[PROBLEM DESCRIPTION]: Find the line containing "中国人签名鞋的崛起与发展探索:从文化认同到市场热潮的背后故事 中国人签名鞋的崛起与发展探索:从文化认同到市场热潮的背后故事", then return it and every line after it through the end of the records, exactly. Leave out pictures.

[SOURCE MATERIAL]:
....
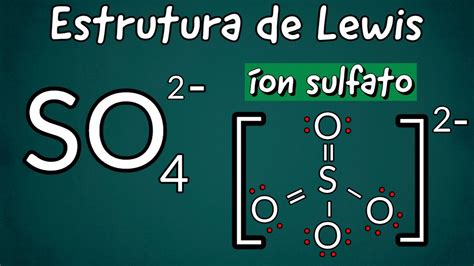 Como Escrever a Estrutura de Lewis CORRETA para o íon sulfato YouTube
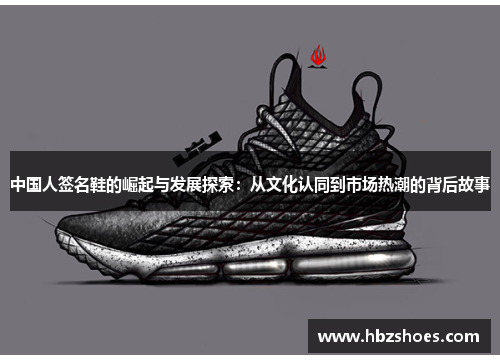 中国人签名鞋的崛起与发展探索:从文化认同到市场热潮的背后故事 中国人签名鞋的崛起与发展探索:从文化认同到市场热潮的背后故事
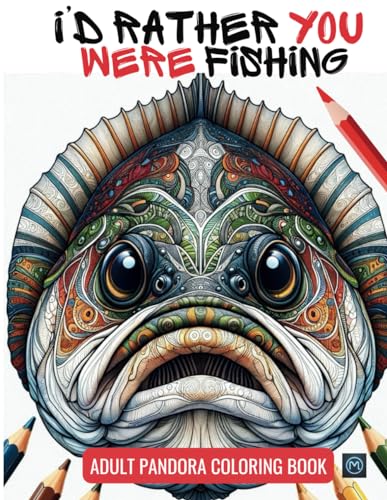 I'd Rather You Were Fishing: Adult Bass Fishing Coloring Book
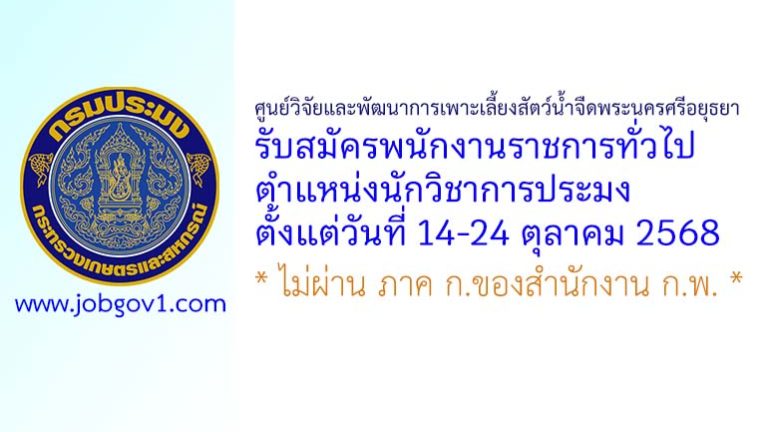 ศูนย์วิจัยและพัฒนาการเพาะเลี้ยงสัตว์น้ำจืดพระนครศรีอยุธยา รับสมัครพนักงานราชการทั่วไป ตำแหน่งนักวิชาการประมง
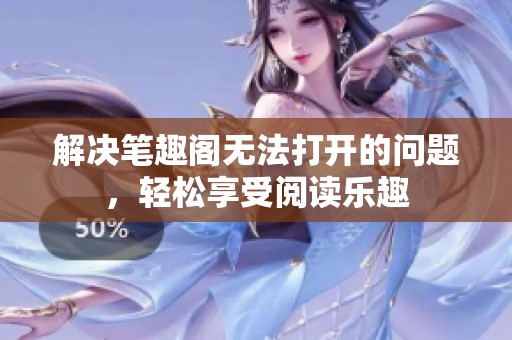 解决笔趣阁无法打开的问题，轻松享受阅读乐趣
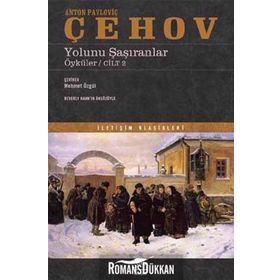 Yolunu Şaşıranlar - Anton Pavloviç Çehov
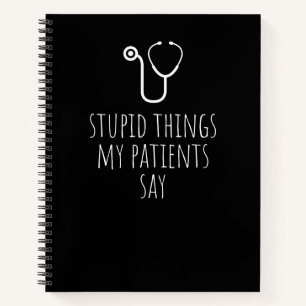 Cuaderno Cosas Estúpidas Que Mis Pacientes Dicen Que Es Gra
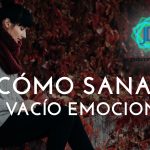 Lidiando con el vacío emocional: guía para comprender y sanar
....
[OUTPUT FOR THIS EXERCISE]:
 中国人签名鞋的崛起与发展探索:从文化认同到市场热潮的背后故事 中国人签名鞋的崛起与发展探索:从文化认同到市场热潮的背后故事
 I'd Rather You Were Fishing: Adult Bass Fishing Coloring Book
 ศูนย์วิจัยและพัฒนาการเพาะเลี้ยงสัตว์น้ำจืดพระนครศรีอยุธยา รับสมัครพนักงานราชการทั่วไป ตำแหน่งนักวิชาการประมง
 解决笔趣阁无法打开的问题，轻松享受阅读乐趣
 Yolunu Şaşıranlar - Anton Pavloviç Çehov
 Cuaderno Cosas Estúpidas Que Mis Pacientes Dicen Que Es Gra
 Lidiando con el vacío emocional: guía para comprender y sanar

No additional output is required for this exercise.